We also saw merchants negotiating prices with foreign tourists using their poor foreign language skills. Foreigners who heard the price could not hide their surprise, saying, “Wow, it’s incredibly cheap.” A merchant who has been selling goods here for 10 years explained, “During COVID-19, most of us stopped doing business because no one would buy the goods even if we brought them in droves,” but added, “As the number of tourists increased, many people started working again in the mid to late part of this year.”
One of the group of Vietnamese tourists in their 20s who visited this place despite knowing that it was a counterfeit market laughed and said, “It’s fun to be able to buy luxury goods at this price.” Another person said, “ I came here after seeing that luxury t-shirts were being sold cheaply on social networking services (SNS).

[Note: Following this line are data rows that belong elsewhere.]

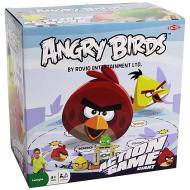 Angry Birds Giant Action Game (409566)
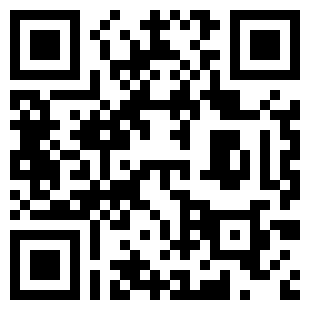 水珠社区2025游戏下载|水珠社区 安卓版v1.0.4 下载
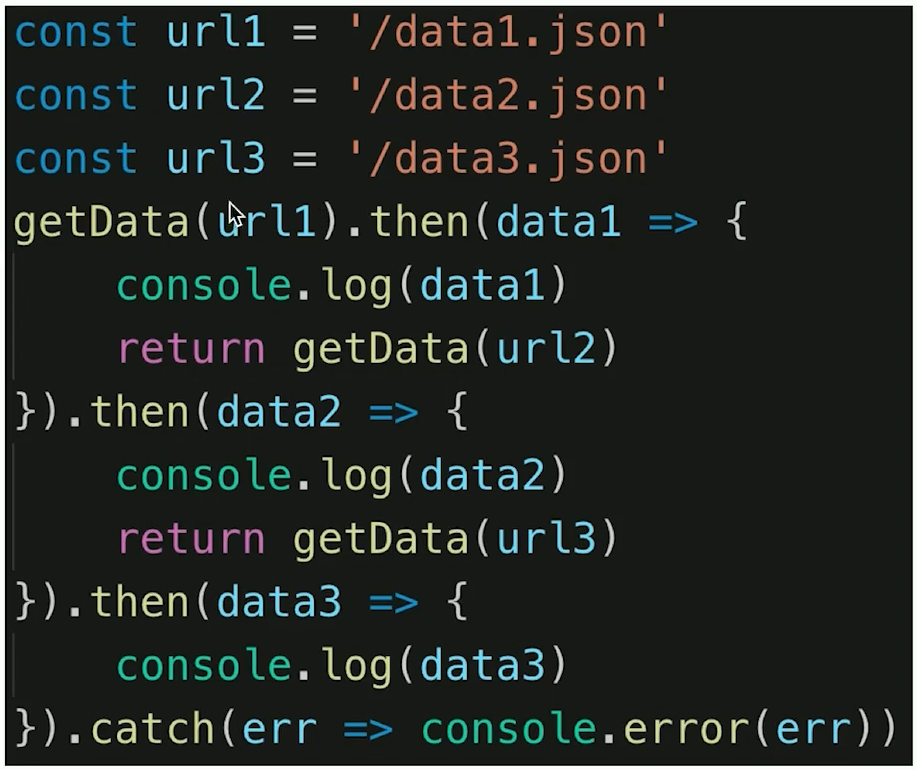 image-20210131210854003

In fact, at first glance, it was difficult to tell whether it was a real luxury product or not, so I wanted to buy it since I was traveling. ”
On the other hand, there were places where the atmosphere was quite different due to the recent crackdown by the Intellectual Property Office. This is a street stall at ‘Saebit Market’, commonly known as ‘Yellow Tent/Fake Market’ in Dongdaemun, Seoul. When I visited around 9 p.m. on the 4th, there were about 5 yellow tents in this area, which was relatively quiet compared to the 15 to 20 before the crackdown.

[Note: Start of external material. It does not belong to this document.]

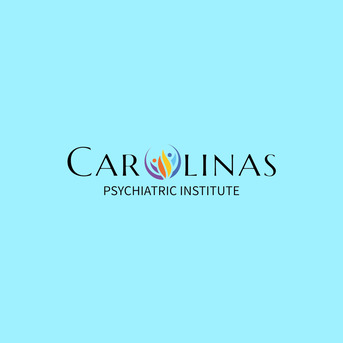 New York, Health, Psychiatric Care In Charlotte, North Carolina - Carolinas Psychiatric Institute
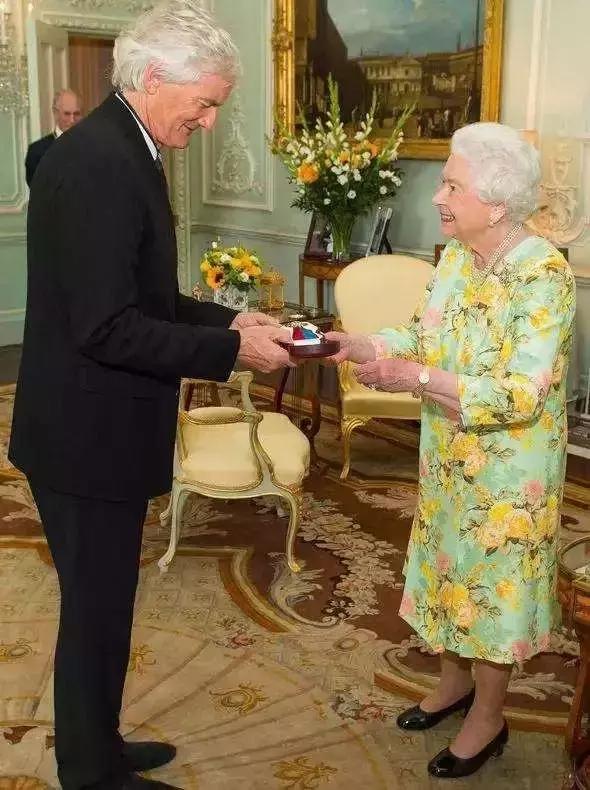 戴森v8和v7吸尘器区别,戴森吸尘器v7选哪一款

Last August, the Korean Intellectual Property Office’s Trademark Special Judicial Police (Trademark Police) booked without detention six wholesalers and retailers who sold counterfeit products, including luxury brand wallets and bags worth 20 billion won, on charges of violating the trademark law. The trademark police confiscated 1,230 items of 14 items from 41 luxury brands (valued at 20 billion won).
Even though the merchants are street vendors who received an occupancy permit from the Jung-gu Office in Seoul on the condition of complying with the trademark law, they have been engaging in illegal business, including selling counterfeit products that do not meet the conditions of the메이저사이트 permit. To avoid investigation and crackdowns, they parked vans on the road outside the yellow tent and covered their license plates with black cloth to avoid being exposed to the outside, or continued their business using the sidewalk inside the yellow tent.

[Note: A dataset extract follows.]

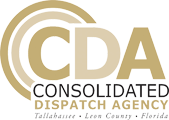 Consolidated Dispatch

Some merchants completely blocked reporters trying to take pictures. One merchant complained, “Since the crackdown has become more severe, fewer people come to set up tents,” and “It’s hard for us to make a living. I’m worried that citizens passing by might report it as counterfeit.”
Anyone who manufactures, sells or stores counterfeit products will be subject to imprisonment for up to 7 years or a fine of up to 100 million won for violating the Trademark Act. Park Joo-yeon, head of the Trademark Special Judicial Police Division at the Korean Intellectual Property Office, said, “Merchants selling counterfeit products appear to be small street vendors, but in reality, they are corporate-type illegal business operators who embezzle high profits equivalent to 70% of the sales price in cash,” adding, “We will focus our investigative power on the distribution of counterfeit products.” “We plan to crack down strongly,” he emphasized.
Seo Young-gwan, head of the Seoul Metropolitan Government’s Civil Justice Police, said, “Changing citizens’ awareness is important in order to eradicate counterfeit products,” and added, “Please be sure to purchase and use genuine products, and actively report any counterfeit products you discover.”